FWIW I find most of the rest of Black Mirror a lot less _rich_ than Fifteen
Million Merits, though I like most of it. I couldn't write as much on most of
the episodes as that one, because I'm just not sure there's as much there.
Most are a fairly straight route up to usually some kind of twist, with a
little worth saying about the relation of the twist to the rest but mostly
what they're up to is pretty _on the surface_. Nothing wrong with that, and
that fact that it consistently tries to say _anything_ at all puts it above
most TV, so far as that goes.

To expand a little into other episodes, though, to give some more idea of what
I mean by asking _why_ about choices creators make in art: take The National
Anthem, for example. When a Certain Pivotal Scene (you know the one) happens,
the creators could have depicted it several ways without changing the actual
story. A few possibilities: 1) actually show it, entirely, 2) show it but crop
out the worst of it, 3) keep the camera nearby, say on people in the room or
in the next room over, or on the fictional production crew "shooting" the
event, 4) any of the above but show only a little and cut away, 5) just skip
straight to after, don't have any footage that takes place during it at all,
among other options. There was a _choice_ to make, and the one that was made
isn't exactly revolutionary, but also isn't one of the most obvious ones: keep
the camera going for all of it (or maybe just most? I can't recall for sure)
after showing us every moment at the scene of the event leading up to it, _but
only show the faces of people watching it on TV_. Why? It wasn't the only way
they could have avoided putting the event itself onscreen, why do it that way?

Showing people watching a screen, especially something sensational that's been
teased from the very first scene of the episode, and holding the camera on it
that long does a couple things, I think: in the general case, it invites
identity with or comparison between the real life viewer and the viewer in the
show; in this particular case, I think the show is also delivering on a kind
of implicit promise of horrible spectacle by _showing us the most disgusting
thing that 's happening in that moment_, by the creator's judgement. Anyone
watching the show, even if they hope the event won't happen or that it won't
be depicted at all if it does (which is hopefully most people?) _was still
held in suspense and to some degree entertained_ by that will they/won't they
dynamic. The result is that this choice both casts judgement on the viewers-
in-the-show _and_ prevents the real-life show watcher from casting them as
Other and distancing themselves from those voyeurs. This option was chosen by
the show's creators because it conveys a message different from what others
would have (most of the other options above wouldn't convey much at all,
without some further effort, but would advance the plot just the same) and
does so effectively. That single choice causes multiple effects on and
messages to the viewer, working toward one end.

To take that a step further, both reinforcing the likelihood that this was
intentional and possibly adding insight into other episodes, the show
_repeatedly_ returns to themes along these lines, of the viewer-as-complicit.
White Bear's a huge one, obviously, featuring punishment essentially for the
act of watching a crime (and filming! The show also loves to jab at itself and
its creators pretty viciously, as Fifteen Million Merits manages to also do in
addition to everything else) with a kind of Greek hell of... having crimes
done to them while "normal people" watch and record, which is called justice.
A couple others tread similar ground—Shut Up and Dance, notably.

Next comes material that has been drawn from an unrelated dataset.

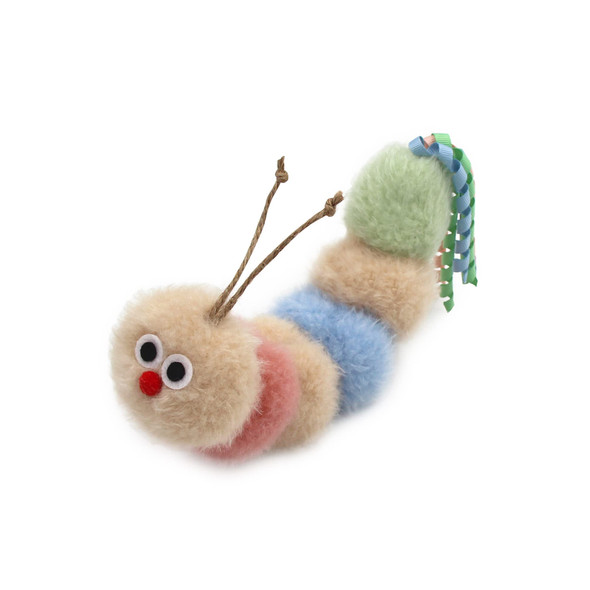 Jumpaws Interactive Natural Catnip Kicker With Rattle And Ribbon Bite Resistant For All Ages Indoor Cat Soft Caterpillar Kicker Fluffy Kitten Toy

Moving into more tenuous territory: Jan Junipero _may also_ be doing something
like this, forcing the viewer into more direct confrontation with some message
in it by identifying them with some element of or character in the show, at
the end, just a bit. The long sequence of server farms and robot arms at the
end definitely adds a sense of melancholy and unease over the happy ending and
neatly reframes our own emotions about the episode, which is probably the main
thing it's intended to do, _but_ that also looks an awful lot like any modern-
day server farm. Like where Netflix episodes come from. Like the episode you
just watched, finding temporary joy in this fiction while sitting, apparently
lifeless... and oh look it's suggesting another show or movie, how nice, this
could just go on forever, couldn't it? And that's the season Black Mirror
transitioned to Netflix, I'm pretty sure.

That's quite stretch from the pretty clear use of those themes and mechanisms
in other episodes and I wouldn't say I'm anywhere near as sure of it as some
of the other stuff, since it's pretty abstract and there are other, stronger
ways to explain _why_ the scene is there and why it looks the way it does...
_but then again_ Bandersnatch came out a few years later and hits some of the
same notes _explicitly_ , which makes it just a tad less likely that that
_wasn 't_ on the creators' minds when they decided how the end of San Junipero
should go, and a little more likely that that connection _was_ intended.

------
lelf
> _Motion Sense will evolve as well. Motion Sense will be available in select
> countries²._

What this has to do with the country?!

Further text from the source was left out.